Güneş, bir yıl içinde sekiz (8) işareti çizerek ilerliyor. Yılın sonunda bu çizimin tamamlanmasıyla karşılaşılan şekil ise Analemma olarak adlandırılıyor.

Dünya, yılın belli zamanlarında Güneş’e yaklaşarak bir nebze daha hızlı, diğer zamanlarda ise daha yavaş ilerliyor. Bu da Güneş’in çevresinde çemberden ziyade eliptik bir yörünge izlemesinden kaynaklanıyor. Analemma’nın genişliği bu hareket sonucunda oluşuyor. Dünya hızlandığı zamanlarda daha büyük kısmın ortaya çıktığını görüyoruz.
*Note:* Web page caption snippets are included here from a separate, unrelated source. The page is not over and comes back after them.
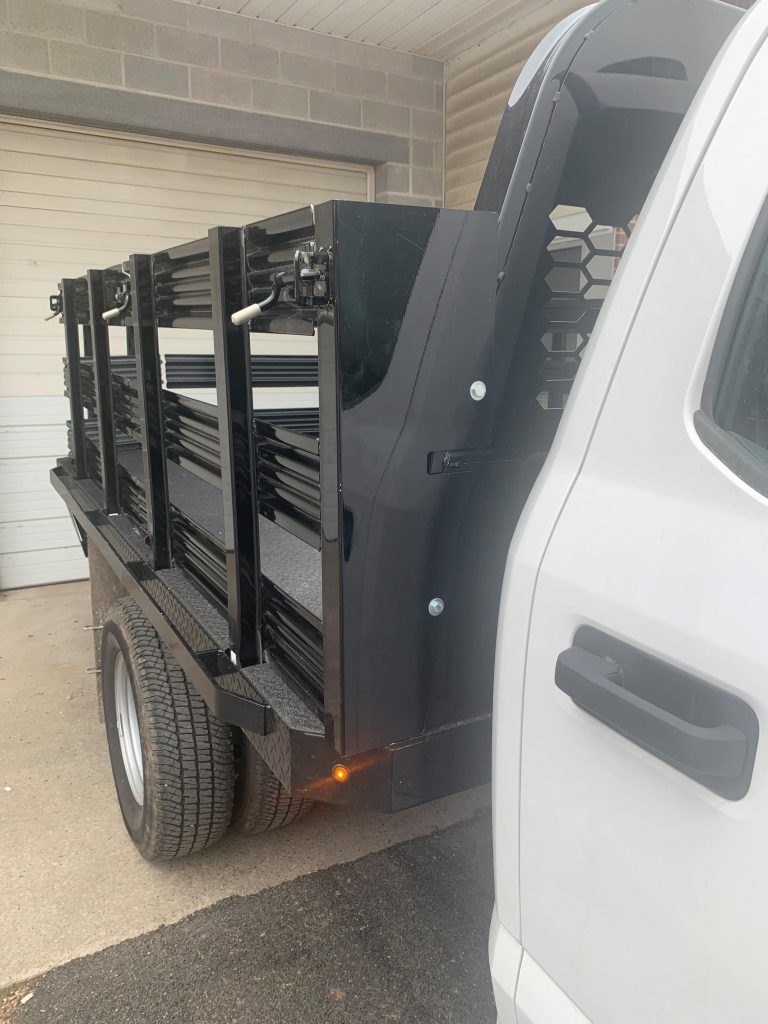 kentucky blue blast mobile sandblasting truck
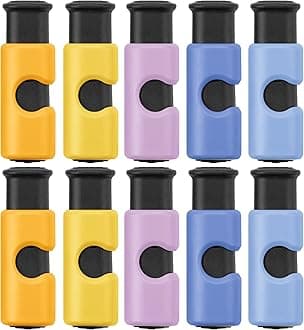 Mr. Pen- Squeeze and Lock Bread Bag Clips, 10 Pack, Squeeze and Lock Bread Clips Reusable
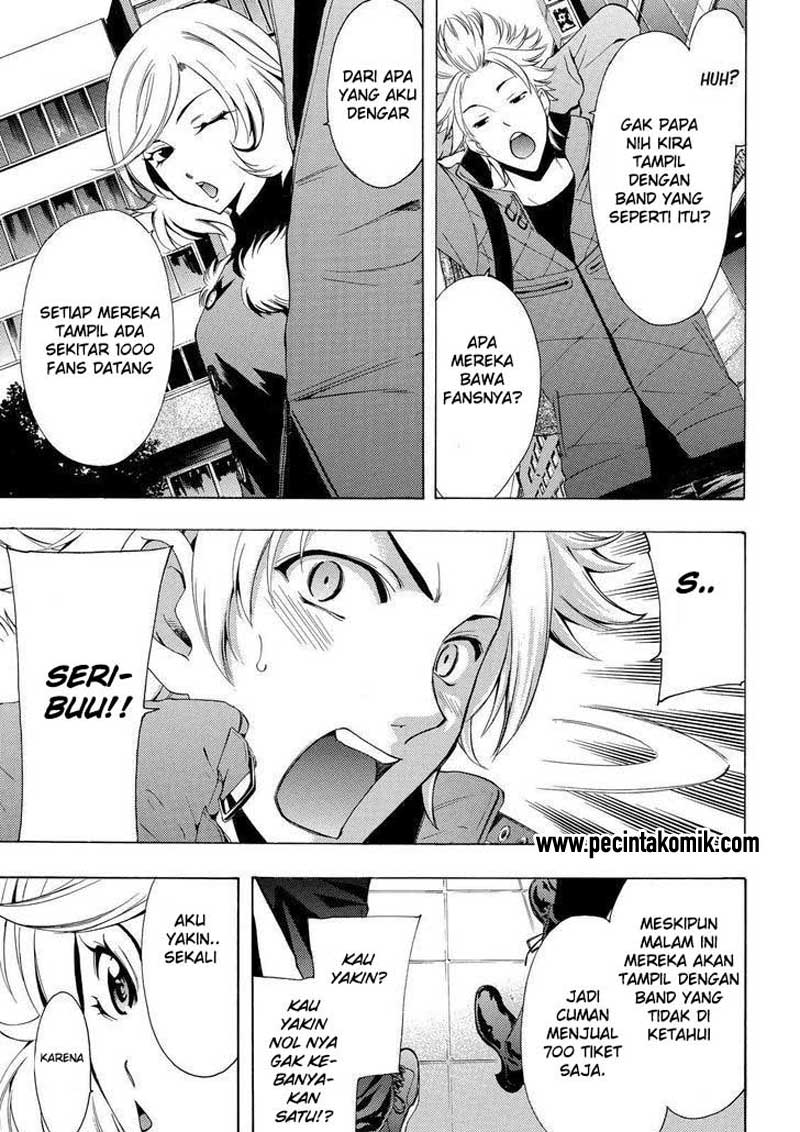 Fuuka Chapter 123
Bunun ne olduğunu kısaca açıklayalım. Dünya’nın hem Güneş’in etrafında dönerken sahip olduğu bir dönme ekseni hem de yörünge ekseni bulunuyor. Bu ikisinin arasındaki açıya ise eksen eğikliği diyoruz. Dünya’mızın eksen eğikliği yaklaşık 23,5 derece olduğundan üstteki görüntüde olduğu gibi dik değil, hafif yamuk bir şekilde kendi etrafında dönüyor.
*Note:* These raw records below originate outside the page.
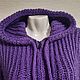 Заказать Бомбер. Knitted by Elena. Ярмарка Мастеров. . Бомберы Фото №3
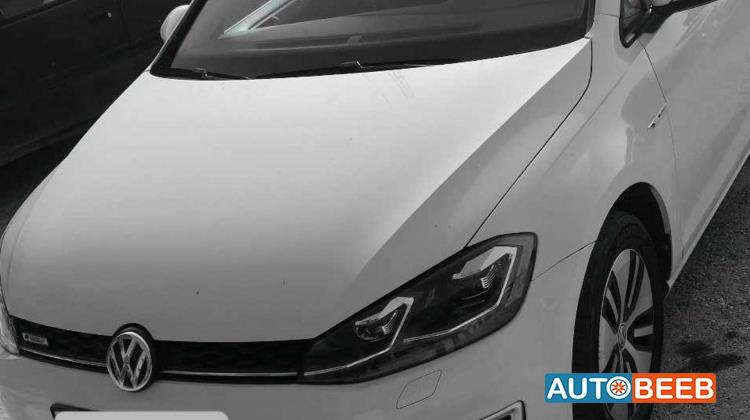 فولكس فاجن E-جولف 2019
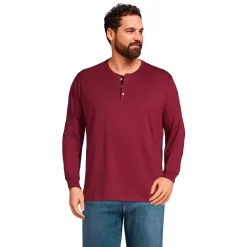 Big & Tall Lands' End Super-T Classic-Fit Henley 15 Big & Tall Lands' End Super-T Classic-Fit Henley -Cheap Mens Casual Outdoor Clothing Store 5247875 Rich Burgundy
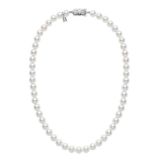 Mikimoto White Gold Strand Akoya White Grade A+ Pearl Necklace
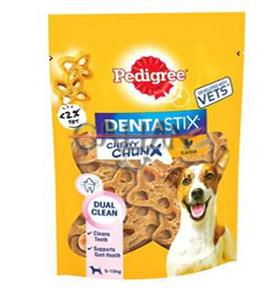 PEDIGREE DENTASTIX CHEWY CHUNX 68GR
Bu eksen eğikliği sayesinde de mevsimler değişiyor, günler uzayıp kısalıyor ve Güneş’in gökyüzünde ulaşabileceği konum zamanla farklılaşıyor. 21 Haziran ve 21 Aralık günlerini hepimiz duymuşuzdur. Sırasıyla Kuzey ve Güney yarım kürede en uzun gündüzlerin başladığı bu günlerde Güneş, ulaşabileceği en yüksek noktaya ulaşır ve zıt yöne doğru harekete geçer.

Yörüngeyi kusursuz bir çembere çevirip eksen eğikliğini olduğu gibi bıraktığımız bu durumda, gökyüzünde oluşan sekiz rakamının bir kısmı büyük olurken diğeri küçük olmazdı. Onun yerine ikisi de eşit boyutta olurdu.

Bu senaryoda ise sekiz biçimine tamamen veda etmiş olurduk. Onun yerine Güneş, gökyüzünde elips şeklinde bir yol izlerdi.